In contrast to a multidomestic company, a transnational one allows transcending the boundaries of a specific state or country and, therefore, allows for more opportunities for expansion into the world market. Even though it is very complicated to promote to the people of a different culture, entering a transnational business environment presupposes getting the opportunity to expand to the global market, whereas in a multi-domestic company, there is no other way in which the attention of the customers of a different national, ethnical or, for that matter, even social background can be attracted to the organization. Therefore, the given strategy can barely be approved for a company that is willing to expand into the world market.
International firms could also be a decent pick for the company to expand into the global market. However, unlike a transnational one, an international business environment does not allow for placing investments outside of the home country, which creates several inconveniences when it comes to the financial operations, namely, the financial transactions that must be carried out for the affiliates located in different parts of the world to coordinate their actions and at the same time be able to solve local financial issues on their own.
It could be argued that a multinational business environment could also be used as a decent premise for building strong relationships with foreign partners and integrate into the world market efficiently. However, it must be admitted that, for the most part, a multinational business setting presupposes that the product offerings in different countries are not coordinated; quite on the contrary, the products are adapted towards the local markets. The given feature might seem quite positive, seeing how it helps market the products more efficiently by appealing to the customers’ culture and mentality; however, the lack of control over the production processes and marketing in different affiliates of the company cannot but raise concerns.

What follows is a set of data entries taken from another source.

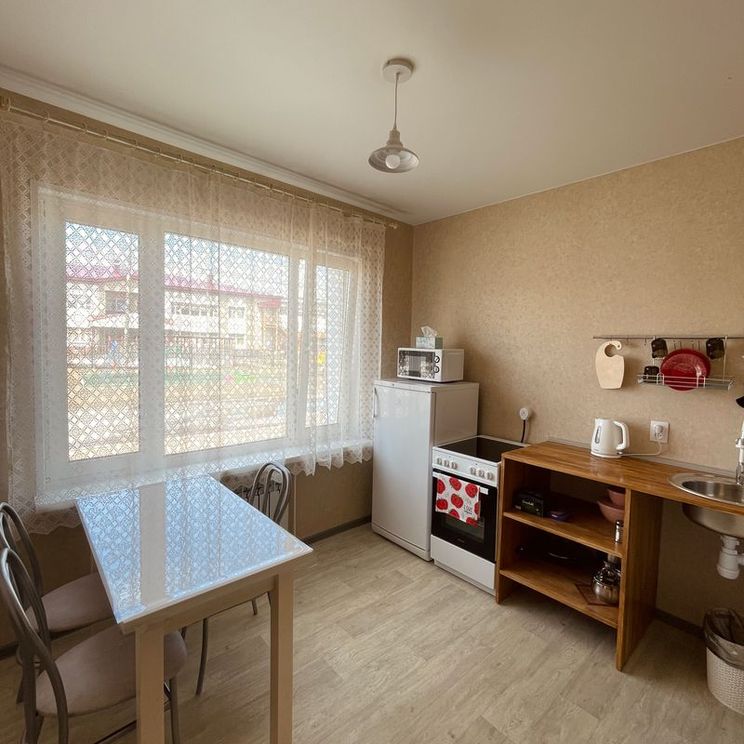 Гостевые домики, Хостелы, Палатки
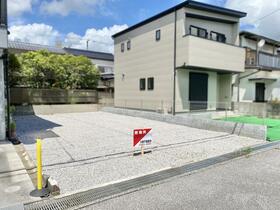 高知県高知市高須３丁目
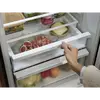 Встраиваемый холодильник Electrolux E7MNAE19S Photo 2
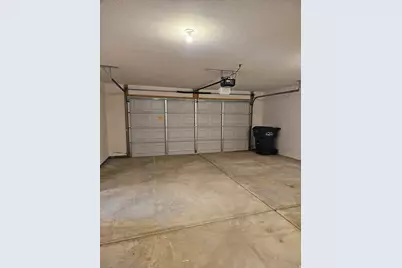 224 E 850 St N #D, Tooele, UT 84074 - Photo 27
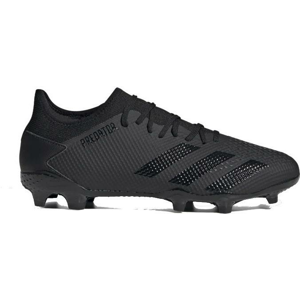 Kopačky adidas PREDATOR 20.3 L FG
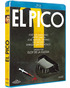 El-pico-blu-ray-sp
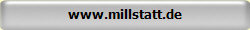 www.millstatt.de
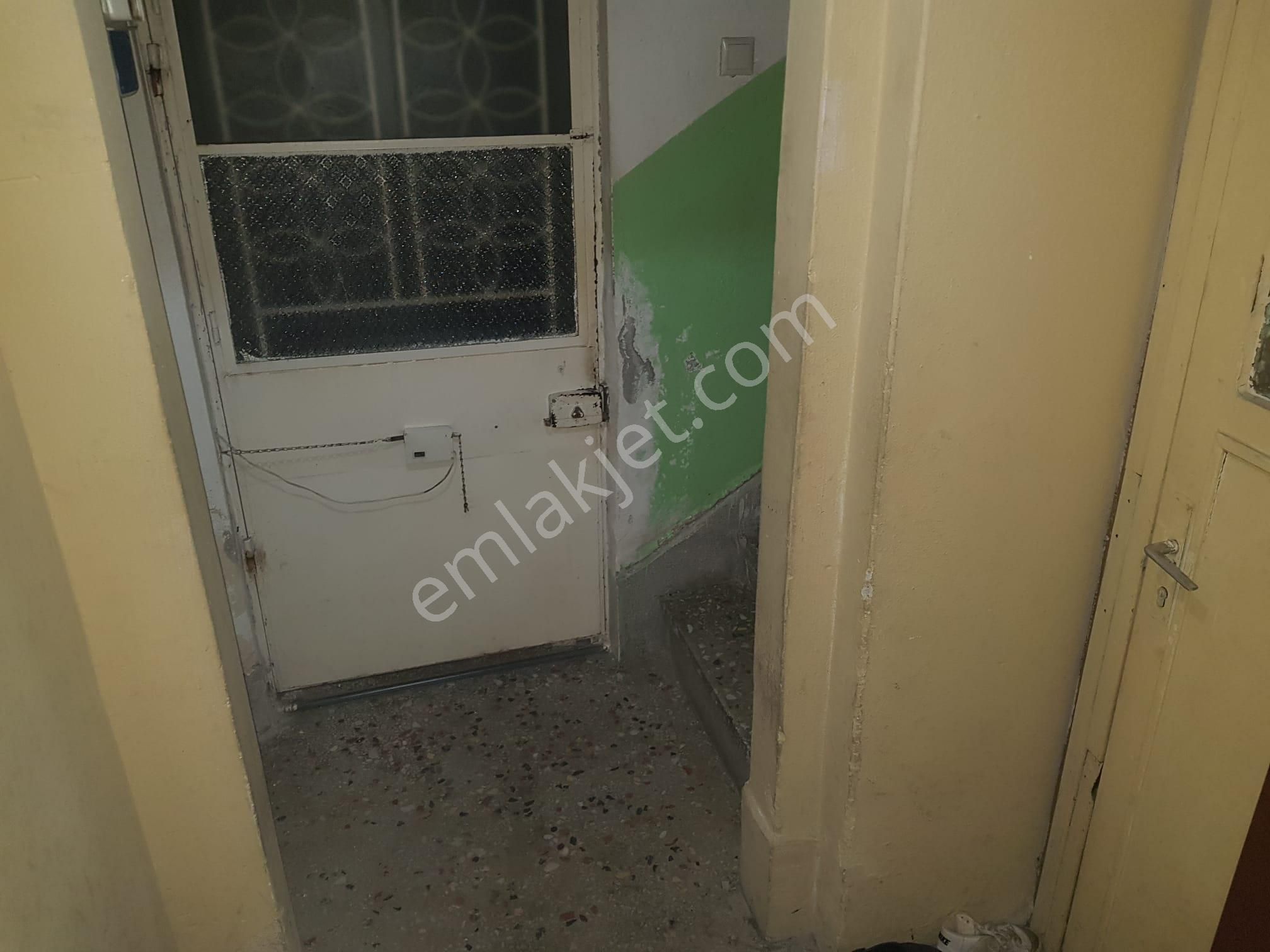 Bursa Yıldırım Vatan Mahallesinde Satılık Daire - Görsel 6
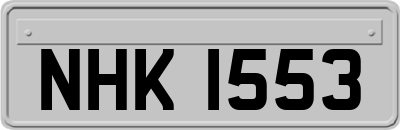 NHK1553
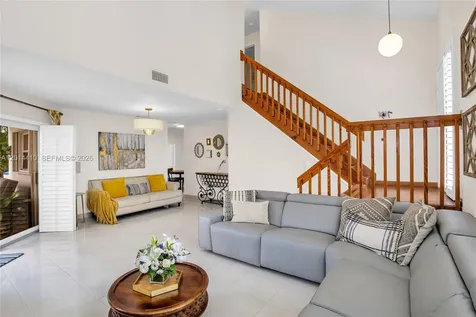 9904 SW 117th Place Miami FL 33186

Another alternative to the transnational business environment, global companies also provide more than ample chances for expanding overseas and at the same time being successful in the home country. According to what the existing sources say, global companies use the same coordinated image for marketing their products worldwide (Bateman & Snell, 2011). In other words, global companies are the simplified version of transnational companies. Therefore, it could be argued that the former is a much better option since they provide the same amount of room for a company evolution and at the same time demand fewer efforts to make the chosen strategies work. It should be mentioned, though, that for several reasons, transnational companies are more efficient than the global ones, because they provide more room for the company’s affiliates or business partners. The existing definition of global companies says that the latter are under the strict control of the office headquarters. In other words, in global companies, the localization of a brand becomes hardly possible, and the same marketing strategies are used within the entire organization. It must be admitted that the given strategy affects the customers’ perception of the product negatively and might even lead to several confusion due to cultural differences of even simple language barriers (Meredith & Shafer, 2010).
With that being said, it is necessary to admit that of all types of global business environment, transnational firms seem the most promising and at the same time the most challenging business environment for a company to enter. While it provides a tough control over the production and promotion processes, as well as helps coordinate the work of different departments and affiliates efficiently, it still gives enough air for the latter to adapt towards the unique environment of a specific market. Also, the chosen strategy must lead to further expansion into the global market, therefore, increasing the company’s chances for growth. Finally, the transnational business environment strategy contributes to the analysis of the factors shaping the customers’ attitude towards the brand, therefore, making it possible for the company to come up with new ideas on what new brands to create and how to promote them to the target audience successfully.
Bateman, T. S. & Snell, S. A. (2011). International management. In Management: Leading and collaborating in the competitive world (9th ed.) (pp. 176–210). New York, NY: McGraw-Hill/Irwin.
Meredith, J. R. & Shafer, S. M. (2010). Operations strategy and global competitiveness. In Operation management for MBAs (4th ed.) (pp. 25–47). Hoboken. NJ: Wiley & Sons.